Wakil presiden senior bidang keuangan Philex Renato Migriño mengatakan kepada bursa saham bahwa perusahaannya akan membantah “temuan buruk” LPP dan menjelaskan kepada biro mengapa hal itu tidak boleh dikenakan sanksi.

“Kami juga ingin menginformasikan kepada bursa bahwa kebocoran tailing dari TP3 (bendungan tailing 3) telah efektif diatasi dengan penutupan lubang pembuangan,” kata Migriño.

Denda Rp1 miliar

Denda tambahan sebesar P50.000 merupakan tambahan dari denda lebih dari P1 miliar yang sebelumnya diberikan kepada perusahaan karena melanggar UU Pertambangan.

Wakil presiden senior Philex, Mike Toledo mengatakan Philex juga akan menggugat denda P1 miliar tersebut.

“Bukan besarannya, tapi pengakuan kita lalai,” ujarnya. “Jika Anda didenda, itu dianggap lalai.”

Toledo mengatakan bahwa Philex telah menetapkan prosedur standar untuk mengoperasikan kolam tailingnya dan bahwa karyawannya selalu memastikan integritas fasilitas tersebut.

Toledo menegaskan, penyebab kebocoran tersebut adalah force majeure; Saat kebocoran terjadi, kawasan tersebut dilanda serangkaian angin topan dan hujan monsun.

Dia mengatakan Perjanjian Bagi Hasil Mineral dengan pemerintah mengatur bahwa kejadian force majeure berada di luar kendali mereka.

Namun, Leo Jasareno, direktur Biro Pertambangan dan Geosains, mengatakan bahwa Philex tidak dapat menghindari denda dengan menerapkan “force majeure”, karena prinsip ini hanya relevan sejauh menyangkut pertanggungjawaban pidana.

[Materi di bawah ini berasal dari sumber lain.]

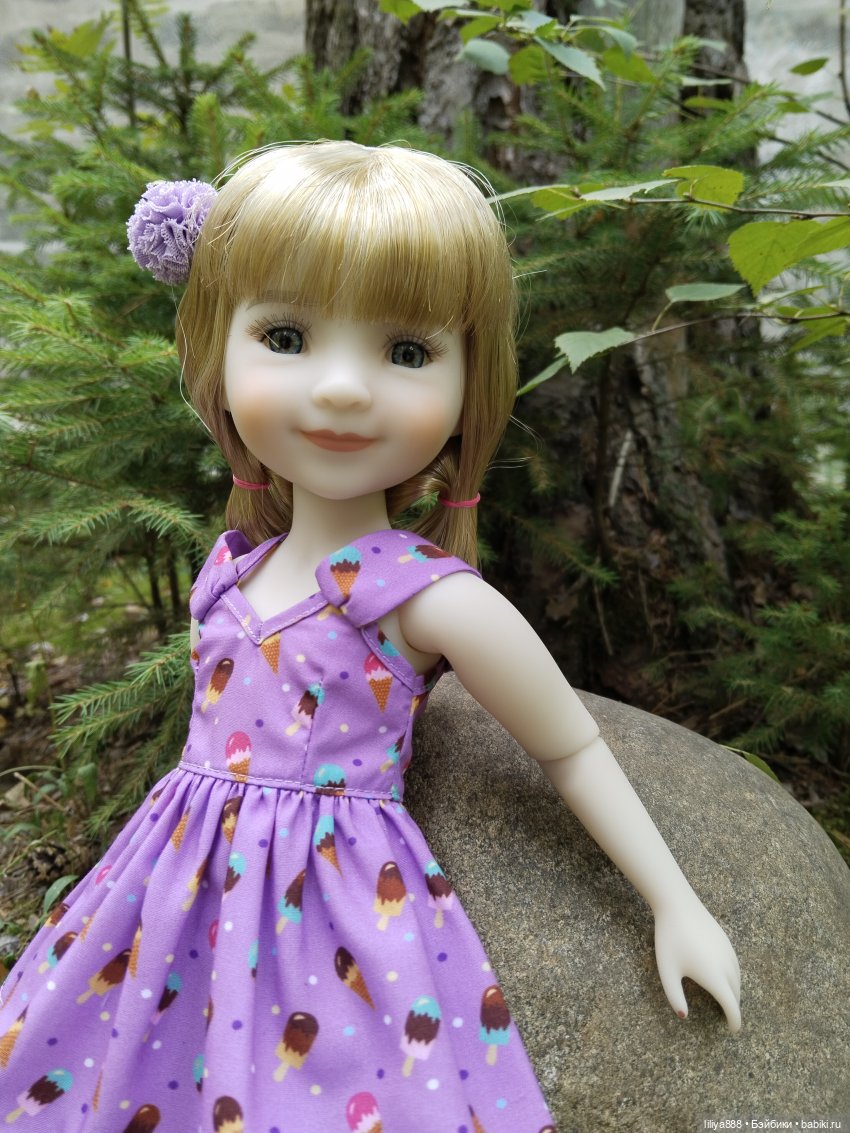 Внезапная Сара | Бэйбики Внезапная Сара — Куклы Ruby Red (Руби Ред) Fashion Friends: Siblies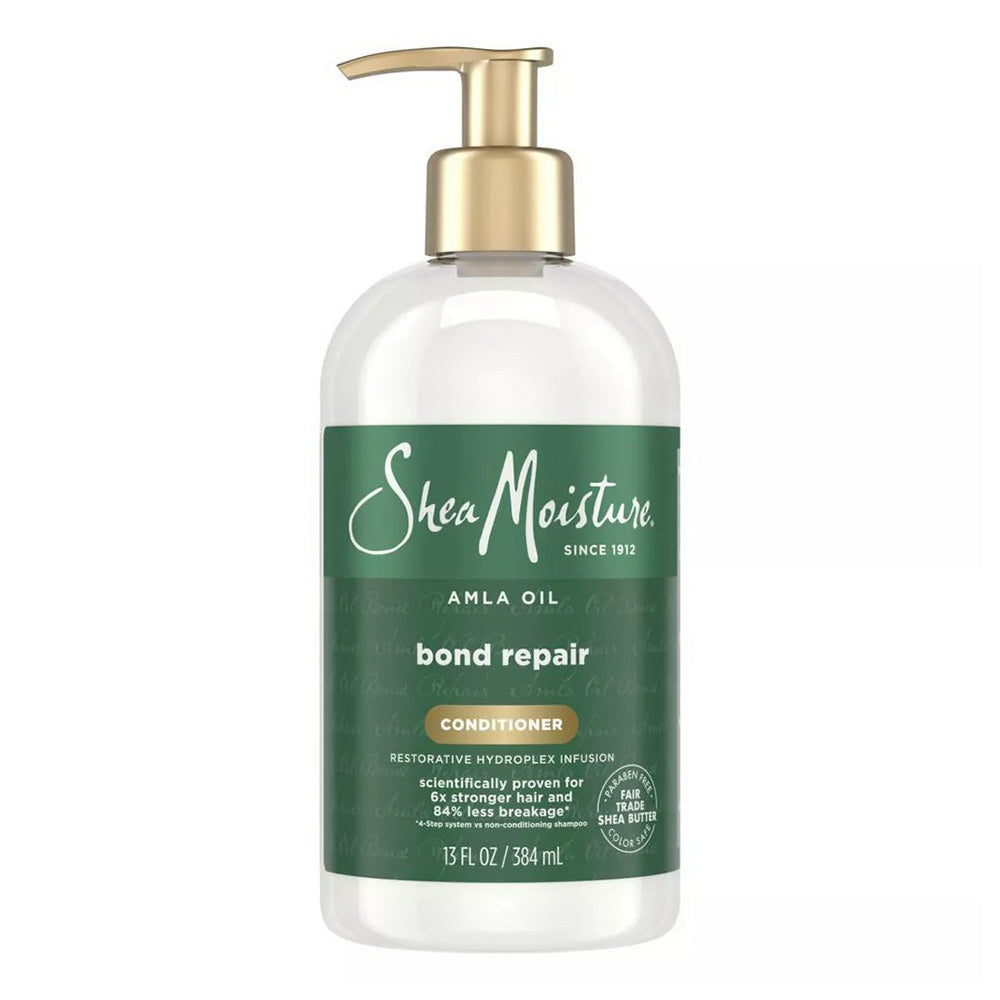 Shea Moisture Bond Repair Amla Oil Color Safe Conditioner 13Oz (384ml)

Sementara itu, Toledo menyatakan bersedia menanggung biaya upaya pembersihan sungai-sungai yang terkena dampak dan hilangnya mata pencaharian masyarakat di sekitar tambang. – Rappler.com

Bacalah Blog Konferensi Pertambangan 2012 untuk mengetahui laporan menyeluruh mengenai isu-isu yang sedang dibahas.

Untuk kontrak pertambangan yang ada di Filipina, lihat peta #MengapaMining ini.

Bagaimana pengaruh penambangan terhadap Anda? Apakah Anda mendukung atau menentang penambangan? Libatkan, diskusikan, dan ambil sikap! Kunjungi situs mikro #MengapaMining Rappler untuk mendapatkan cerita terbaru mengenai isu-isu yang mempengaruhi sektor pertambangan. Bergabunglah dalam percakapan dengan mengirim email ke [email protected] tentang pendapat Anda tentang masalah ini.